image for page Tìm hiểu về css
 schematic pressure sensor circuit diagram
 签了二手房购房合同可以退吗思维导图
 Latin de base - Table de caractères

###

:: GOAL OF THE EXERCISE ::
Having gone through the data above, repeat it exactly.

:: SOLUTION ::
image for page Tìm hiểu về css
 schematic pressure sensor circuit diagram
 签了二手房购房合同可以退吗思维导图
 Latin de base - Table de caractères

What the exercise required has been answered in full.